Pour en savoir plus sur les autorisations IAM spécifiques fournies par ces rôles, consultez Rôles IAM Dataproc Metastore.

Avant de commencer

  1. Sign in to your Google Cloud account. If you're new to Google Cloud, create an account to evaluate how our products perform in real-world scenarios.
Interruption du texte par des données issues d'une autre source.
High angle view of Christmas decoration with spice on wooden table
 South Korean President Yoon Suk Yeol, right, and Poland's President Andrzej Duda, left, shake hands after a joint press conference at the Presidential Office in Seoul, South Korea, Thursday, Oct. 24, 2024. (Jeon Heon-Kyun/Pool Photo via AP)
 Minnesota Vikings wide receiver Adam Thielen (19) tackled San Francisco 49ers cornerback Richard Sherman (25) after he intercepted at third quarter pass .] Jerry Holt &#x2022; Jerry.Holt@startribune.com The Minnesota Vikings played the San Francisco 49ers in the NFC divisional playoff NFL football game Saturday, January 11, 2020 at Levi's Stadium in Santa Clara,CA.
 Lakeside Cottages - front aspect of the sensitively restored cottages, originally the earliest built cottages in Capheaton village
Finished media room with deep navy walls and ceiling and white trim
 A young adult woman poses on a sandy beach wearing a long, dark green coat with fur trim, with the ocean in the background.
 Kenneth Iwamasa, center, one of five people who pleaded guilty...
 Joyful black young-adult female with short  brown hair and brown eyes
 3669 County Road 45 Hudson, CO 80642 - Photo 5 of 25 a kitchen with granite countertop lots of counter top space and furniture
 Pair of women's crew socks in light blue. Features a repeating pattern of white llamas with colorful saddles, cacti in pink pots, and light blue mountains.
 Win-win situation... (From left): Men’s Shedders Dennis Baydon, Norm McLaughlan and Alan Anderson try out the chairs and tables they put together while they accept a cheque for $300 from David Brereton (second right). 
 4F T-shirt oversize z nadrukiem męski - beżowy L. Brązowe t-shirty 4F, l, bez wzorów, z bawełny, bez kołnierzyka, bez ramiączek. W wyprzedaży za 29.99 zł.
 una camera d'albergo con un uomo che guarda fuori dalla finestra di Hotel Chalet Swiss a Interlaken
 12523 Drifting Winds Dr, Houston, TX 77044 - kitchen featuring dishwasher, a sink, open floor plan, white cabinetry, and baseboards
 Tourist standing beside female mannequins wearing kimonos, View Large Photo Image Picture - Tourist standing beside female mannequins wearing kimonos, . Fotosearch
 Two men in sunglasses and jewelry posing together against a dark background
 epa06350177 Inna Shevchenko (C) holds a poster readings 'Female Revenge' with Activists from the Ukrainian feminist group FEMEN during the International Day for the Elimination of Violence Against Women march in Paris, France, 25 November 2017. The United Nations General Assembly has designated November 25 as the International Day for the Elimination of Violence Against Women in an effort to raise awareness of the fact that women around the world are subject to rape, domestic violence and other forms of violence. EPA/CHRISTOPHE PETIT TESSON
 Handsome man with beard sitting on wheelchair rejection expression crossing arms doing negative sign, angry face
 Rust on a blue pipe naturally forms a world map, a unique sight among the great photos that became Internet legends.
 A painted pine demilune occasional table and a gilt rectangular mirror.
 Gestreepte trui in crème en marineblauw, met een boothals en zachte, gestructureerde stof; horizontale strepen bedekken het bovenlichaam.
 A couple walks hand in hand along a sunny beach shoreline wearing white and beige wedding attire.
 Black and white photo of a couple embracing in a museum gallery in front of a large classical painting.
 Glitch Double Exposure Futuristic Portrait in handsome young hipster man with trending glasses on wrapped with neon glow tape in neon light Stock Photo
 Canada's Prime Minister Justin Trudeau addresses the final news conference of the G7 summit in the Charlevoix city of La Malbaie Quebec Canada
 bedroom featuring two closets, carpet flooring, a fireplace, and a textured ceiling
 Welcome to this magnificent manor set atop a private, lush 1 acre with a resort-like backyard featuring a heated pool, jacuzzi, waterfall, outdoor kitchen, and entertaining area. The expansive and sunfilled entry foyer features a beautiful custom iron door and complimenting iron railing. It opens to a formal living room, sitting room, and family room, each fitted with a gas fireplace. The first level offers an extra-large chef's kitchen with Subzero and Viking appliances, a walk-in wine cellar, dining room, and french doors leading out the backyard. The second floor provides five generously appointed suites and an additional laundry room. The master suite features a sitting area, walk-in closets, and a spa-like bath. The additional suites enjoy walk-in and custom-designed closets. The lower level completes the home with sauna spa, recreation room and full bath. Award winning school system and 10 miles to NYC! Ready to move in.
New customers also get $300 in free credits to run, test, and deploy workloads.

  2. In the Google Cloud console, on the project selector page, select or create a Google Cloud project.

    Go to project selector

  3. Make sure that billing is enabled for your Google Cloud project.

  4. Enable the Dataproc Metastore API.

    Enable the API

  5. In the Google Cloud console, on the project selector page, select or create a Google Cloud project.

    Go to project selector

  6. Make sure that billing is enabled for your Google Cloud project.

  7. Enable the Dataproc Metastore API.

    Enable the API

    8.

    Rôles requis

    Vous devez disposer du rôle IAM de base roles/owner (Propriétaire) dans le projetGoogle Cloud que vous utilisez, ou d'un rôle qui vous accorde les autorisations suivantes :

    • resourcemanager.projects.get
    • resourcemanager.projects.getIamPolicy
    • resourcemanager.projects.setIamPolicy

    Pour obtenir ces autorisations tout en respectant le principe du moindre privilège, demandez à votre administrateur de vous attribuer le rôle roles/resourcemanager.projectIamAdmin (administrateur IAM du projet).

    Accorder des rôles d'accès

    gcloud

    Pour utiliser gcloud CLI, vous pouvez installer et initialiser Google Cloud CLI, ou utiliser Cloud Shell.

    Exécutez la commande add-iam-policy-binding suivante pour attribuer un rôle prédéfini Dataproc Metastore à un principal IAM (compte utilisateur ou compte de service).

      gcloud projects add-iam-policy-binding PROJECT_ID \
     --member=PRINCIPAL \
     --role=METASTORE_ROLE

    Remplacez les éléments suivants :

    • PROJECT_ID : ID du projet pour lequel vous souhaitez activer l'accès à Metastore.
    • PRINCIPAL : type et adresse e-mail du compte principal.
      • Pour les comptes utilisateur : user:EMAIL_ID
      • Pour les comptes de service : serviceAccount:EMAIL_ID
      • Pour les groupes Google : group:EMAIL_ID
    • METASTORE_ROLE : l'une des valeurs suivantes, selon le rôle que vous souhaitez attribuer au compte principal : roles/metastore.editor ou roles/metastore.admin. Pour en savoir plus sur les autorisations accordées par ces rôles, consultez Rôles IAM Dataproc Metastore.